The Federal Reserve is too focused on short-term results and may be considering the pursuit of flawed policies, said Allan Meltzer, a historian of the U.S. central bank.
“We don’t have a monetary problem, we have 1 trillion or more in excess reserves so it’s literally stupid to say we’re going to add another trillion to that,” Meltzer, a professor at Carnegie Mellon University in Pittsburgh, said today in an interview on Bloomberg Television’s “InBusiness With Margaret Brennan.”
“One of the major mistakes that the Fed makes all the time is too much concentration on the short-term,” said Meltzer, author of a history of the Fed. “Aiming at that is just a fool’s game.”
The FOMC started its one-day meeting around 8 a.m. today in Washington and is scheduled to release a policy statement at about 2:15 p.m.
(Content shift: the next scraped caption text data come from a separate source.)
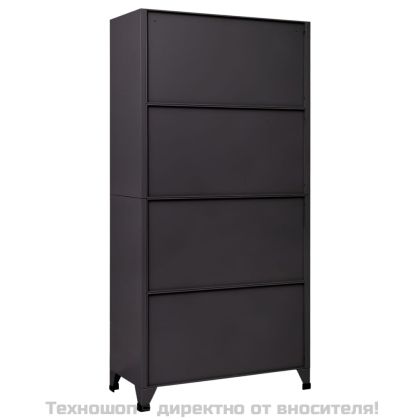 Заключващ се шкаф, антрацит и червено, 90x40x180 см, стомана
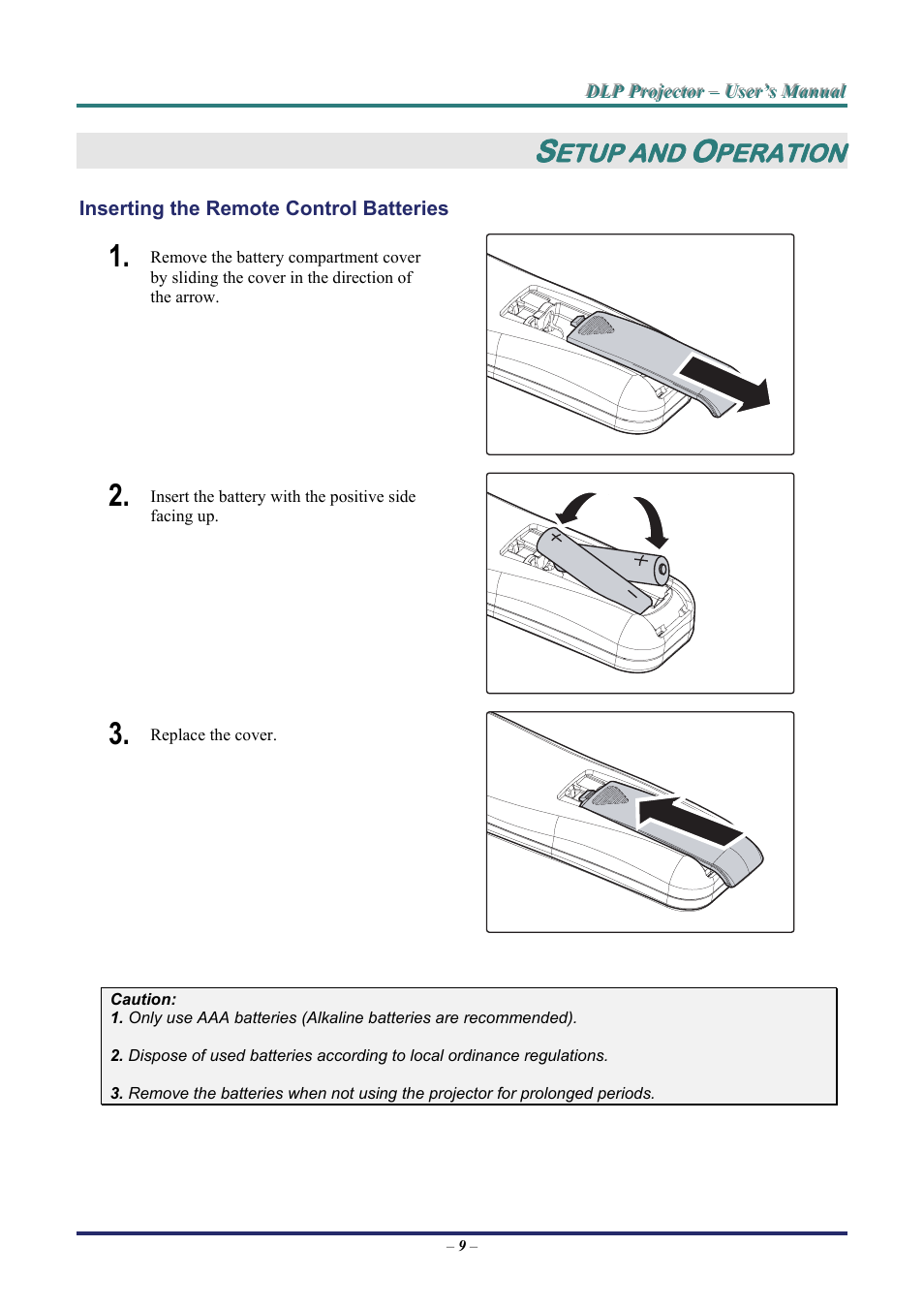 Setup and operation, Inserting the remote control batteries, Nserting the | Emote, Ontrol, Atteries, Etup and, Peration | Staub Electronics D963HD VIVITEK - 1080P MULTIMEDIA PROJECTOR (4500 LUMENS) User Manual | Page 16 / 59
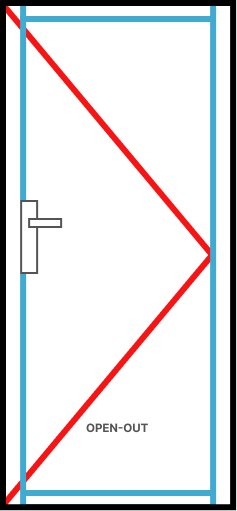 Open-out glazed hinged door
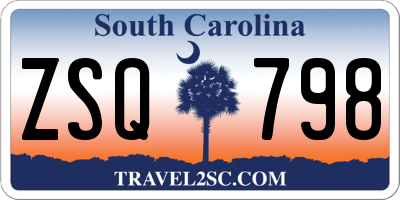 SC license plate ZSQ798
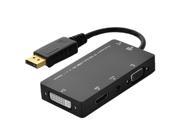 DP Displayport Source to DVI VGA HDMI Audio Adapter 4 in1 for PC Laptop Black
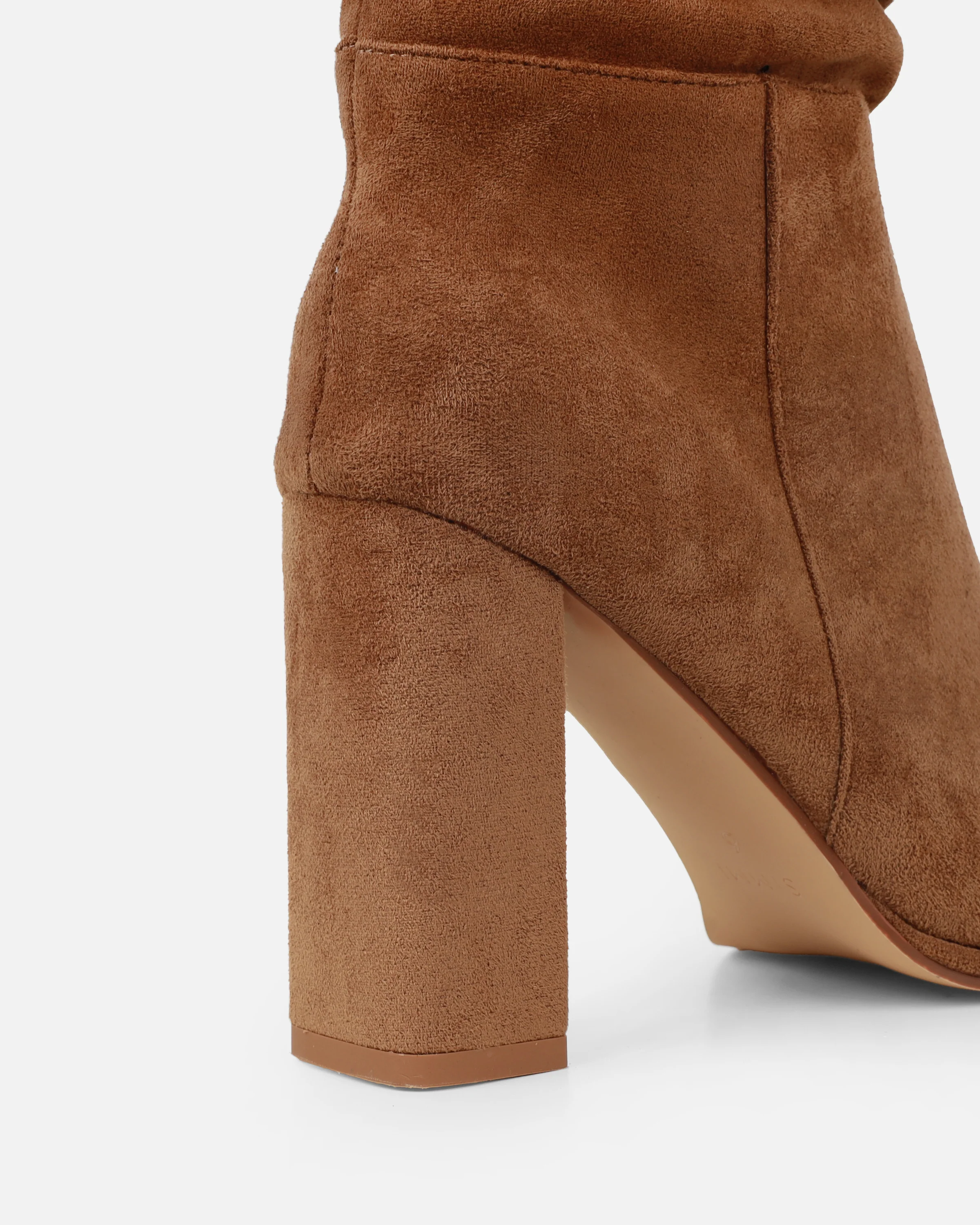 Sylvestor Tan Faux Suede Block Heel Slouch Knee High Boots - Image 3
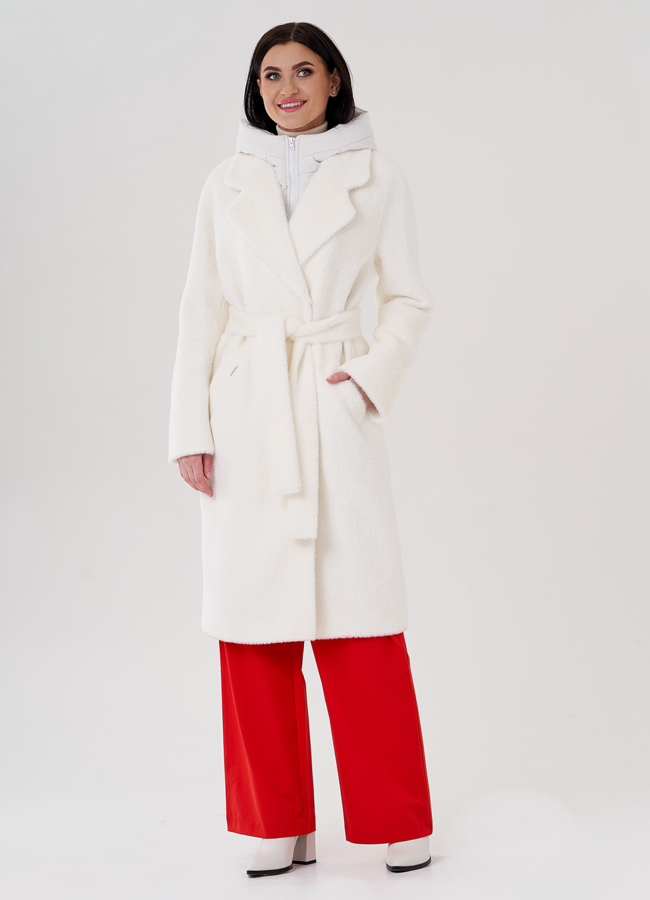 Женское пальто со съёмным капюшоном модель № 24325 в рассрочку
The meeting takes place a day after the National Bureau of Economic Research announced that the longest and deepest U.S. recession since the Great Depression ended in June 2009, lasting 18 months.
The Fed is considering further expanding its balance sheet from its current level of $2.3 trillion to invigorate a slowing recovery. The expanding balance sheet has left banks with over $1 trillion in excess reserves.
“You don’t have to be very smart or study economics to know you don’t need more excess reserves,” said Meltzer.